Dreams are possible. Goals can be achieved, often in spite of an unpredictable future. It takes effort, and direction, but it also takes a little patience.
In an address to graduates at Loyola College in Baltimore, author Tom Clancy said:
Nothing is as real as a dream.
The World can change around you,
but your dream will not.
Responsibilities need not erase it.
Duties need not obscure it.
Because the dream is within you,
no one can take it away.
The most important question you'll ask yourself as you look to the future is "Where do I want to be--and what am I willing to sacrifice to get there?"
Sometimes a small investment in thought for the future may be all we need to reach our potential. Planning for the future may be as simple as choosing how to use time to solve our problems--how to invest our ideas and wait for them to grow.
We all dream of a grand future. An old Indian adage said that if a man or woman aimed their arrow at the sky, they would at least hit the top of the mountain; while an arrow aimed merely at the top of the mountain could just as easily strike a rock or tree, falling fall short of its goal.
We live in a world where those that strike the peaks or the clouds are revered--even worshiped; and those of us who may never see such celebrity are relegated to ordinary, even tenuous subsistence.
So we aim for the sky. We shoot for the clouds. We compare ourselves to those we see in movie theaters or on "Lifestyles of the Rich and Famous" and... we find we feel pretty inadequate. Makers of a recent television commercial for women's clothing used a number of different models to create a composite woman. One model's hair was photographed, then another's face, then another's hands, figure, etc., until the blended images on the screen gave the impression of the perfect woman.

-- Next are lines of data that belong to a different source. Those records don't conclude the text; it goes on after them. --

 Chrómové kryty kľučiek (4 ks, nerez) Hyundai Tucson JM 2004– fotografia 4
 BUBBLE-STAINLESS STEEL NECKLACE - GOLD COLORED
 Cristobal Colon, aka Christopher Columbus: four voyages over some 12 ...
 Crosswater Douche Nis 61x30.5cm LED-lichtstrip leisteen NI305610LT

How do we compete with fiction? Should we strive for perfection? How realistic should our plans be? Even more fundamental, can we (or should we) be "the best" at everything?

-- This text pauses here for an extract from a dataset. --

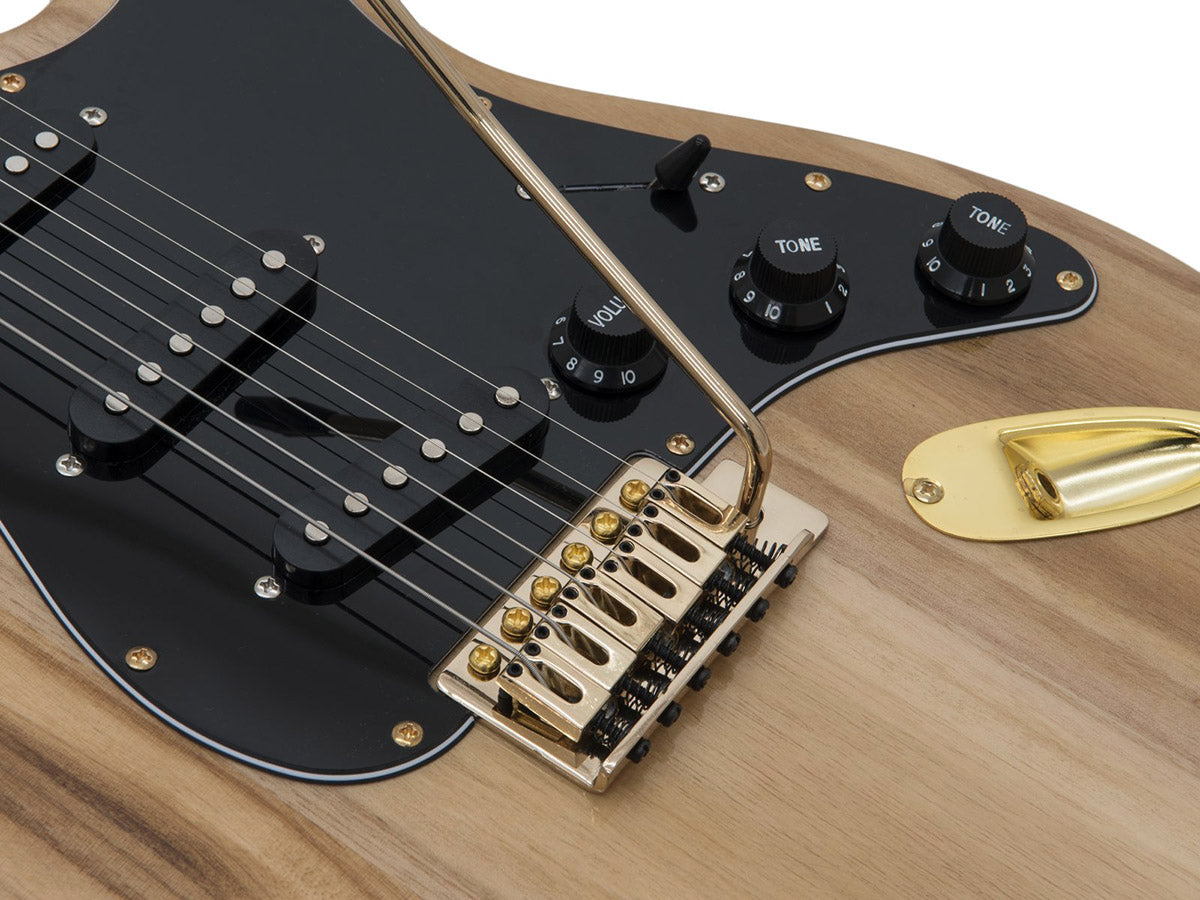 DiMavery ST-303 Electric Guitar, Natural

The huge disparity of academic fields of study is a good example of the amount of things there are to know in life. It's impossible to do it all. Even great universities find themselves specializing their vast faculty talents in selected fields. The amount of information available to us is incomprehensible and grows every day. It's extremely difficult to know everything there is to know in a particular field, let alone become an authority in multiple fields.
It's a little like a city from which dozens of roads radiate in all different directions as the spokes of a wheel. Once you're traveling a particular road, its very difficult to know what's going on at the end of another road, hundreds of miles away. But you can know your own road... and you can know it well.

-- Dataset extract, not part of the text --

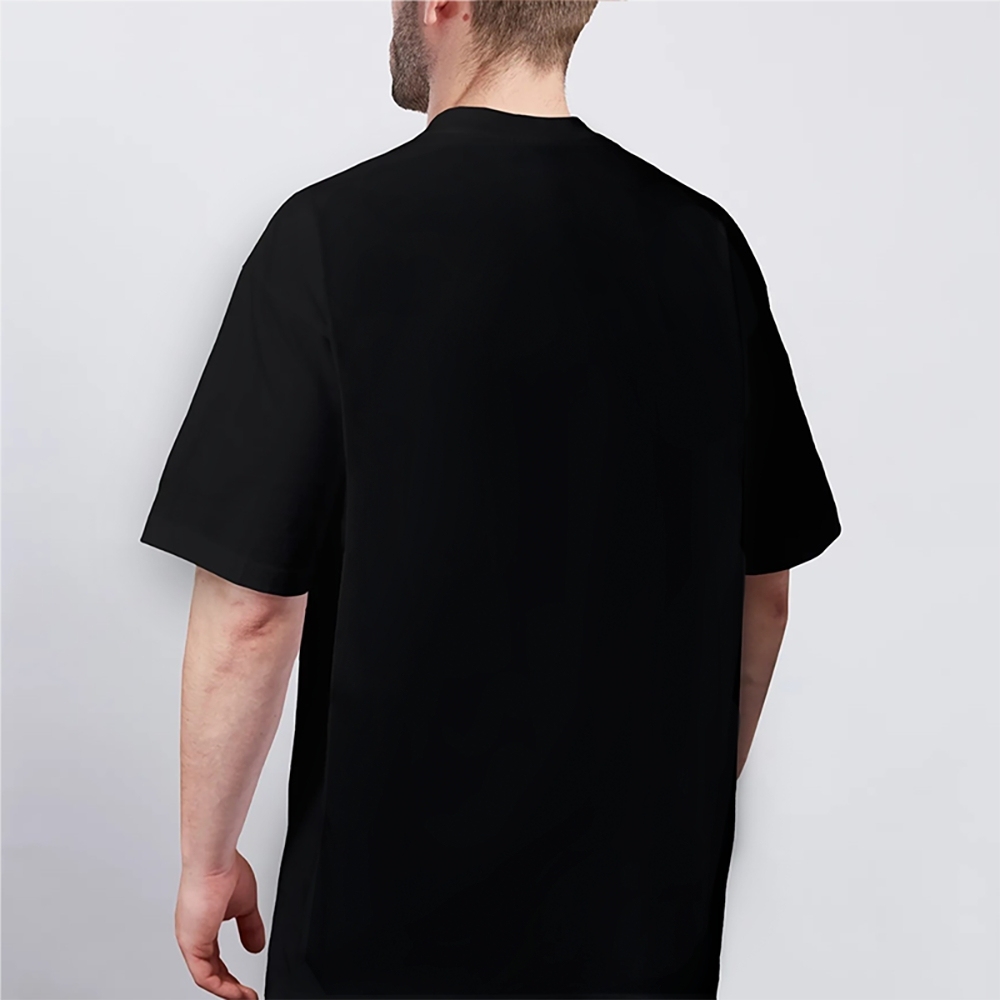 Blank Men Round Neck Casual Short Sleeve T-Shirt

Like scholarly pursuits, our life experiences are also varied and diverse. We all "travel" different "routes," carrying the experiences gained along the way to help us choose and blaze the trail ahead. With time, too, comes changes in the kinds of challenges we face and the skills we may need to overcome them.
Inject your plans for the future with enough realism to know what is truly possible and what is probable for you. Develop an approach to your life that allows flexibility for unforeseen events. But think big!
With the right attitude, you can use your personal vision of perfection or excellence as a motivating force in your life. It can become the sky and clouds toward which you aim.